Wat dat betreft is de tweede serie die Haeg onder de naam Animal Estates begon in de Europese context wellicht relevanter. het eerste project in deze serie werd gerealiseerd in het Whitney Museum in New York. Op basis van de fantastische Mannahatta project van Eric Sanderson en Markley Boyer, waarbij de totale flora en fauna en het landschap van Manhattan op het moment dat Henry Hudson voet al wal stak, is beschreven, koos Haeg een aantal ‘animal clients’ (sinds kort hanteert Haeg als zijn bureaumotto ‘Animals are my preferred clients’) waarvoor hij vervolgens ‘model homes’ heeft ontworpen. Zo werd de entreeluifel van het museum voorzien van een Bald Eagle-nest van drie meter doorsnede, op het meest waardevolle stukje real estate van New York. En zo nog een stuk of tien verblijven voor uit de stad verdreven dieren, zoals een zonneplatform voor de modderschildpad, een uilennestkastje in een elektriciteitspaal, en een bergje rotsen voor de buidelrat.
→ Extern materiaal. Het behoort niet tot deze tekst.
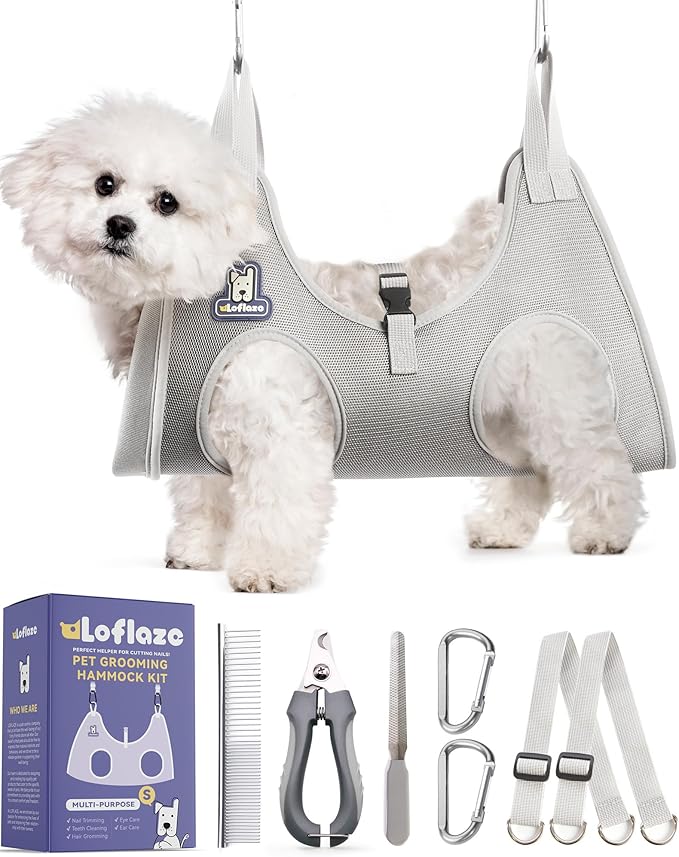 Loflaze Dog Grooming Hammock Harness for Dogs & Cats with Pet Nail Clipper Trimmer - Cat Hanger Sling for Trimming Clipping Nails- Dog Hammock Restraint Bag for Small Medium Large pet （ Grey S ）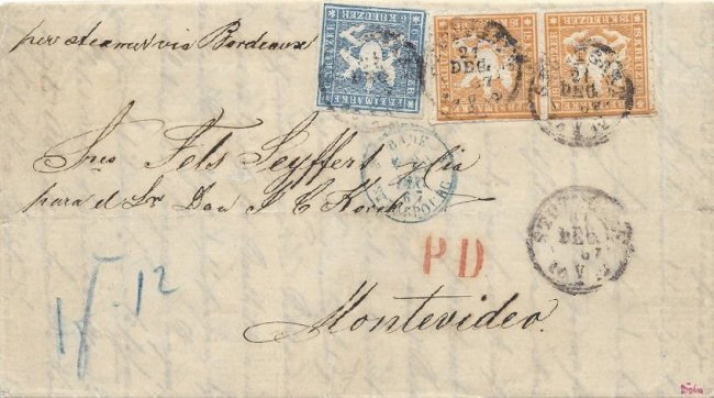 Bezaubernde Albumseiten: Zwei Briefe nach Montevideo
Een van de laatste Animal Estates projecten realiseerde hij in Utrecht in samenwerking met Casco. In overleg met lokale deskundigen, bedacht Haeg ‘modelwoningen’ voor de groene kikker, de gierzwaluw, de atalanta (zwart-rode admiraalvlinder), de ijsvogel en de ringslang. Die modelwoningen voor deze op zichzelf doodgewone, maar in dringende ‘woningnood’ verkerende dieren zijn door iedereen na te bouwen. Een bescheiden composthoop (Haegs laatste project is overigens de promotie van het pontificaal positioneren van een compostbak naast de voordeur), een vijvertje, een plankje met rottend fruit, en je bent al halverwege met het oplossen van de dierenwoningnood in eigen omgeving. Iedereen met een beetje buitenruimte bij de eigen woning kan het, de rest kan deze ruimte in de vele vrije hoekjes van de stad zoeken. Geld kost het nauwelijks, onderhoud evenmin. Zodat we ons af moeten vragen waarom we het niet doen, voordat we al te schamper lachen om die gekke Amerikanen met hun heilige front lawn.